Exercise objective: Without including any pictures, copy every line below exactly.

Data shown:
──────────────────────────────

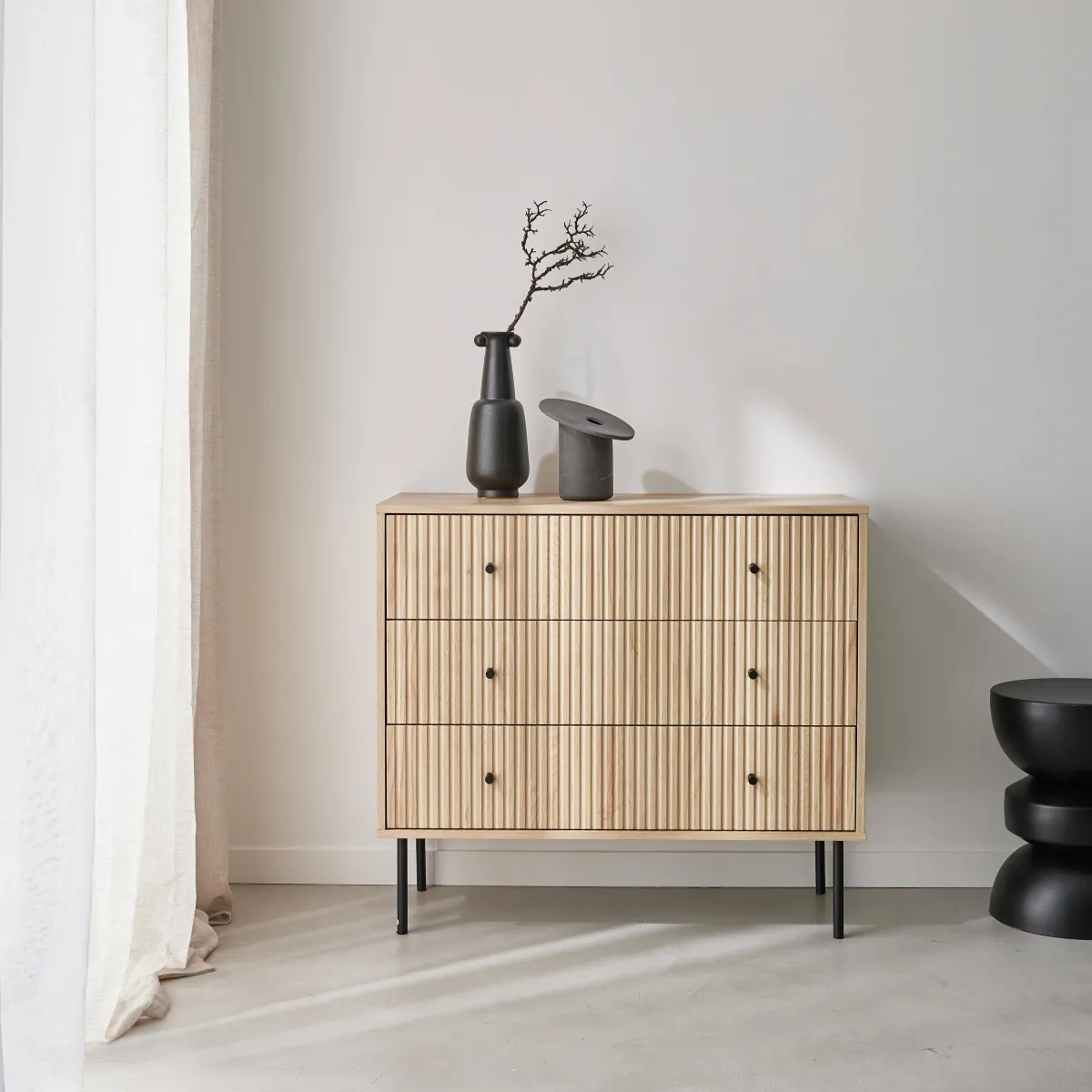 sweeek Cassettiera, decoro in legno scanalato, 3 cassetti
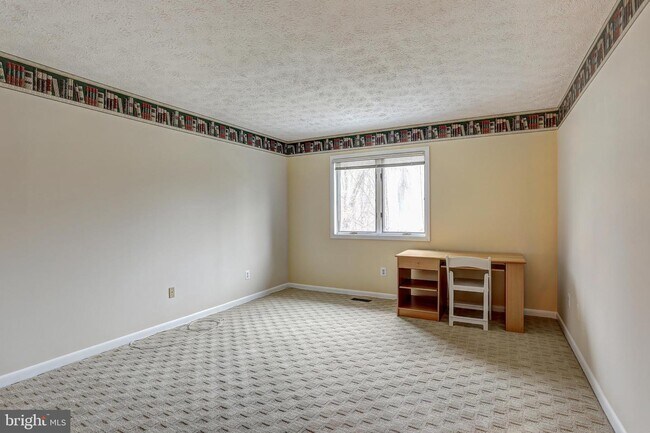 Foto del edificio - 5 Honey Spring Ct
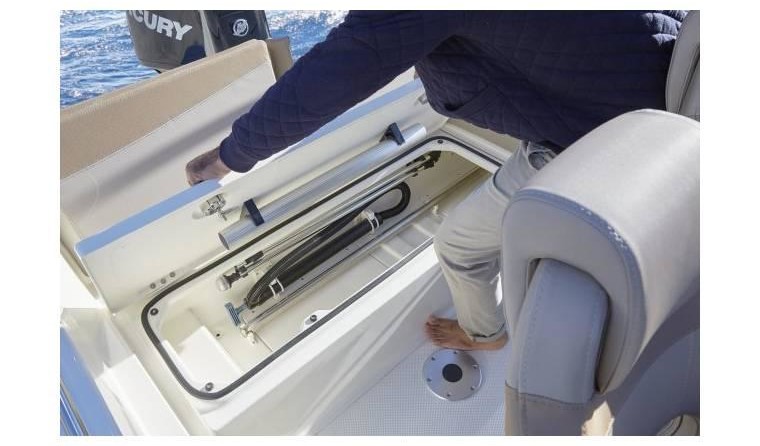 Quicksilver Activ 675 Sundeck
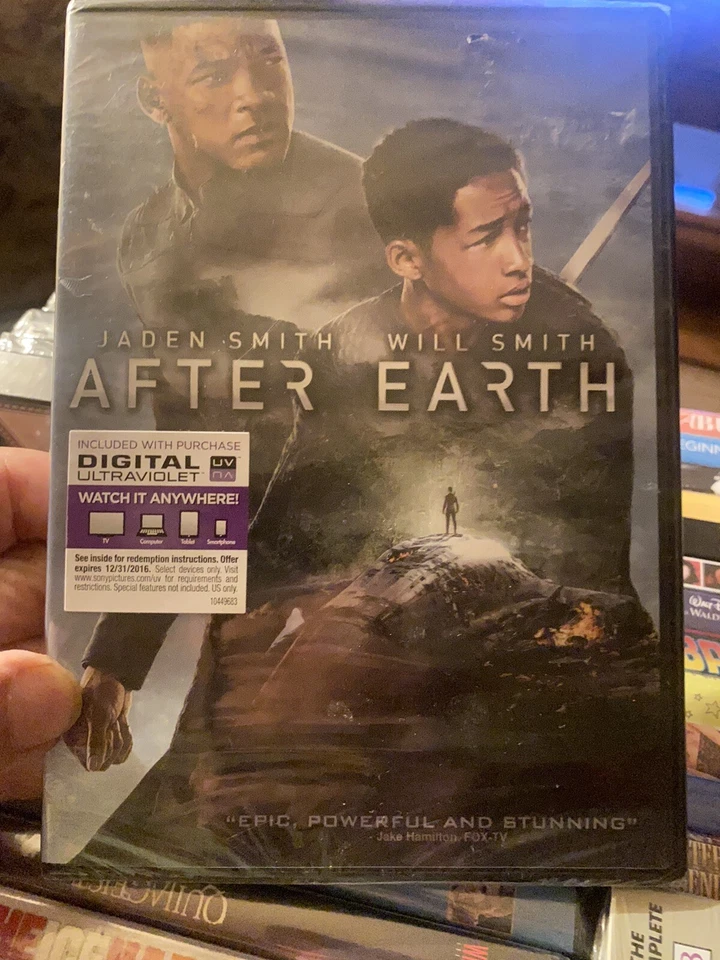 After Earth DVD 2013 Will Smith Jaden Smith Sci-Fi Movie + Digital NEW SEALED - Image 1 of 1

──────────────────────────────

Solution to this exercise:
 sweeek Cassettiera, decoro in legno scanalato, 3 cassetti
 Foto del edificio - 5 Honey Spring Ct
 Quicksilver Activ 675 Sundeck
 After Earth DVD 2013 Will Smith Jaden Smith Sci-Fi Movie + Digital NEW SEALED - Image 1 of 1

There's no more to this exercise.